L’entreprise doit prendre en compte la temporalité dans laquelle s’inscrit la naissance de la rumeur. Dans le cas récent de la fausse mort de Martin Bouygues, l’entreprise a clairement pris en compte le fait que l’information erronée a circulé en dehors des heures d’ouverture des marchés financiers ; ce qui a considérablement réduit les effets néfastes de la fausse information et permis à Bouygues de concentrer sa gestion des parties prenantes sur certains acteurs mais sans focus spécifique sur les partenaires business. Les entreprises cotées devant être particulièrement vigilantes face à ce genre d’aléas.

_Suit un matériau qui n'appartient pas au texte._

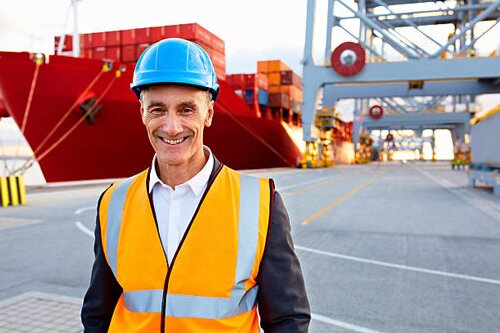 Man with blue safety helmet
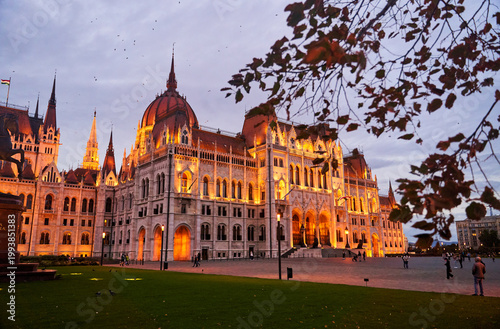 Hungarian Parliament Building in the evening at the Danube river in Budapest, Hungary. High quality photo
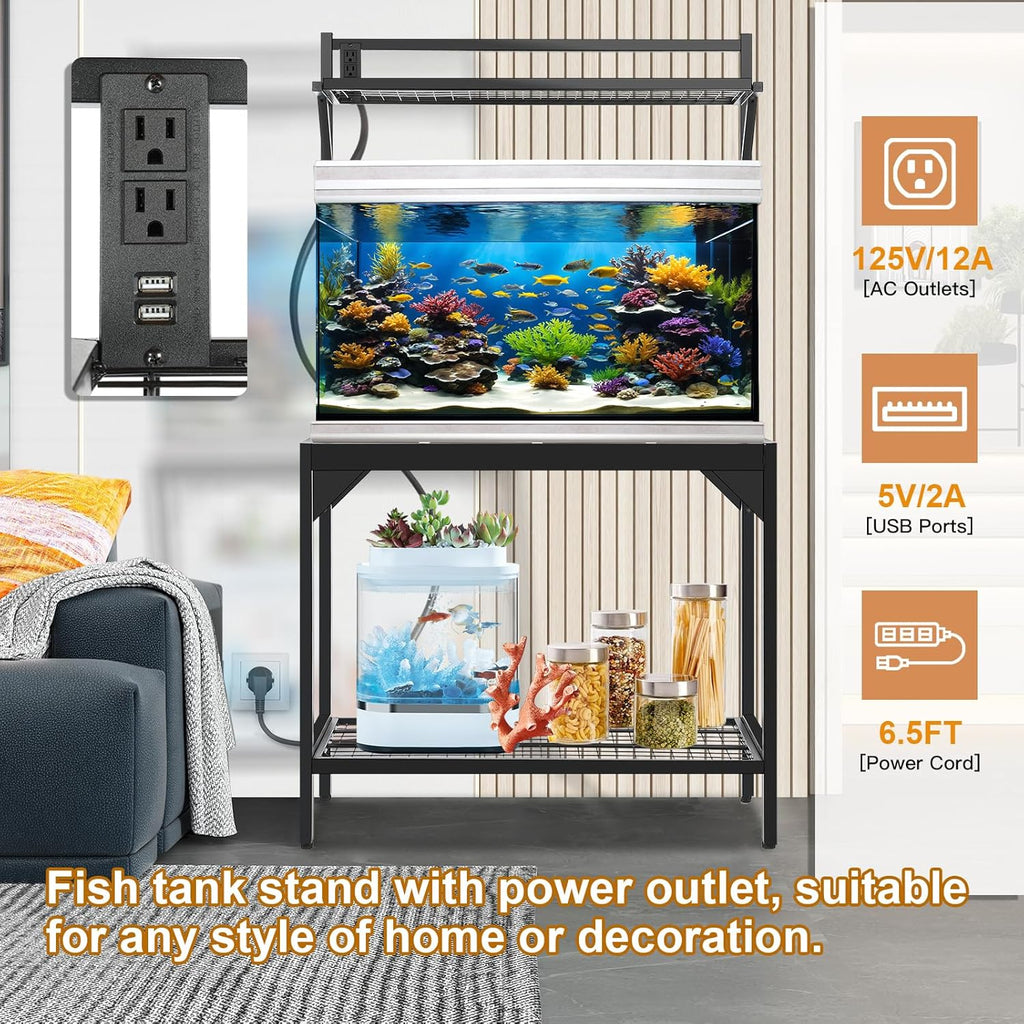 40 Gallon Fish Tank Stand - Aquarium Stand with Power Outlets, 37.7" x 19.2" x 58.66", Heavy-Duty Metal Tank Stand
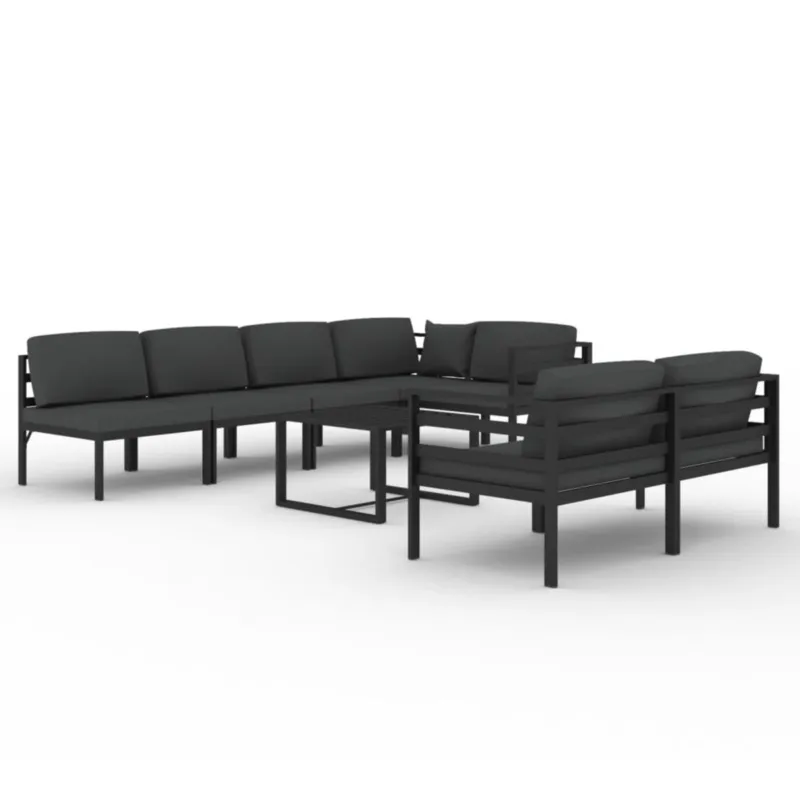 Ostatnie sztuki vidaXL 8-cz. zestaw mebli ogrodowych, poduszki, aluminium, antracyt -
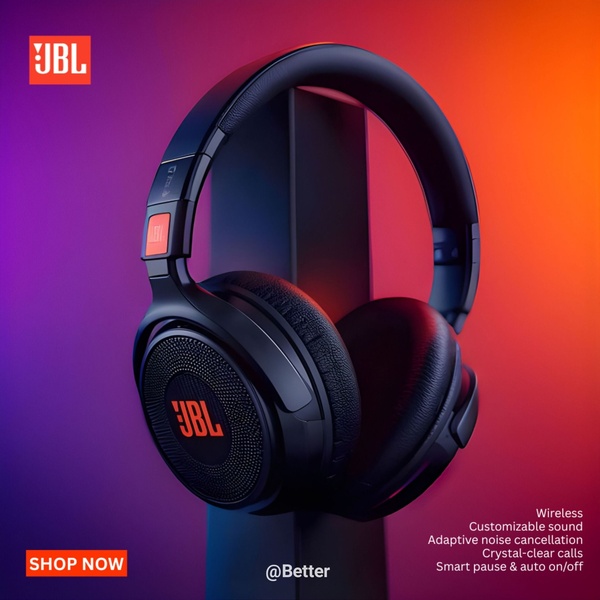 A high-contrast, professional product shot of wireless headphones positioned on a central display stand against a vibrant gradient background.
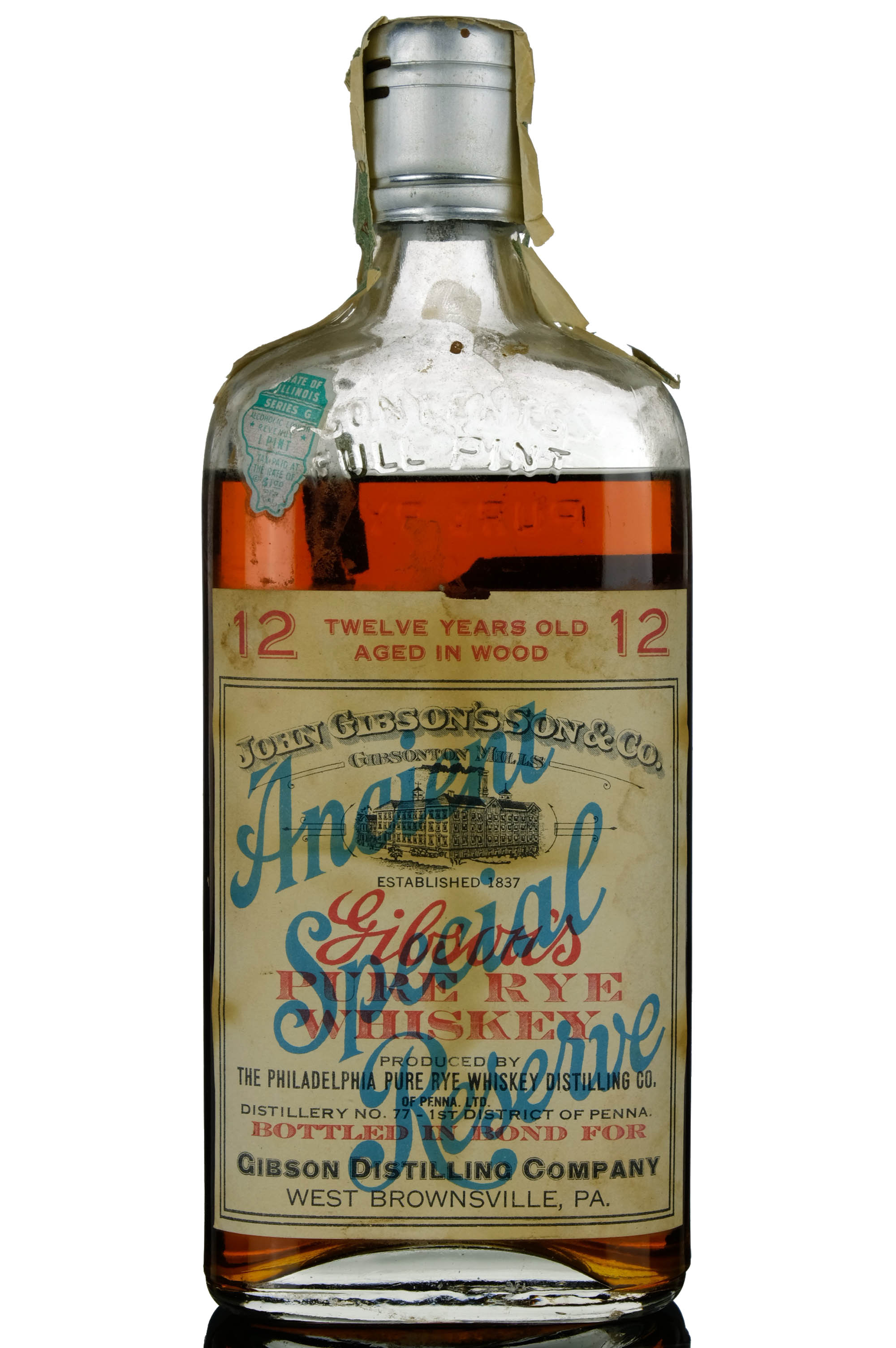John Gibsons Co Ancient Special Reserve Pure Rye 19161928 12 100 Proof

Jauger les conséquences de la rumeur doit également être à la base du dispositif d’actions de l’entreprise : gérer la rumeur en fonction de ce que celle-ci implique. C’est un processus difficile mais il est évident que la décision d’agir ne sera pas examinée sous le même angle si la rumeur est véhiculée par un individu isolé sur un blog ou bien transmise via une agence de presse.
Pour aider à cette prise de décision, l’entreprise pourrait, dès les premiers signes de propagation d’une fausse information, analyser différents critères qui guideront sa gestion de l’évènement : temporalité, initiateur de la rumeur (si faisable), risques encourus et à quelle échéance, etc.
L’entreprise ne doit pas focaliser sa réponse sur l’émetteur ou sur les rumeurs mais plutôt communiquer sur le rétablissement de la vérité : l’enjeu est avant tout de rassurer, de redonner de la confiance et de lever toute ambigüité qui pourrait substituer. Il y a un temps pour tout : répondre par voie judicaire, par exemple, n’est pas forcément la piste à privilégier dans un premier temps. L’idée étant de ne pas rajouter une séquence « négative » à un épisode déjà compliqué pour l’entreprise.
Mais l’entreprise ne doit pas s’arrêter à la gestion de la rumeur. Elle doit voir plus loin et insérer cet épisode extraordinaire dans une nouvelle séquence de communication.
Une entreprise qui accompagne : sortir de la rumeur et construire la suite
Gérer la rumeur ne suffit pas. Le management de l’entreprise se doit d’accompagner les salariés autant que nécessaire : mettre en place une cellule d’écoute, envoyer aux collaborateurs des éléments de réponse en cas de tentative de déstabilisation (même en dehors du lieu de travail), prévoir quelques temps après l’évènement un espace d’échange où chacun pourra partager son ressenti, etc.
La rumeur ou la fausse information donnent à l’entreprise une fenêtre de visibilité dont elle se serait volontiers passée.
Cette visibilité inattendue, l’entreprise doit en profiter ! Une fois la rumeur « gérée », l’entreprise peut saisir l’occasion donnée de déployer une nouvelle séquence de communication positive grâce à un accès média facilité : mettre en avant une personnalité de l’entreprise (un directeur de la communication par exemple), préempter une nouvelle thématique ou tout simplement donner le tempo de cette autre séquence de communication dont elle serait l’initiatrice.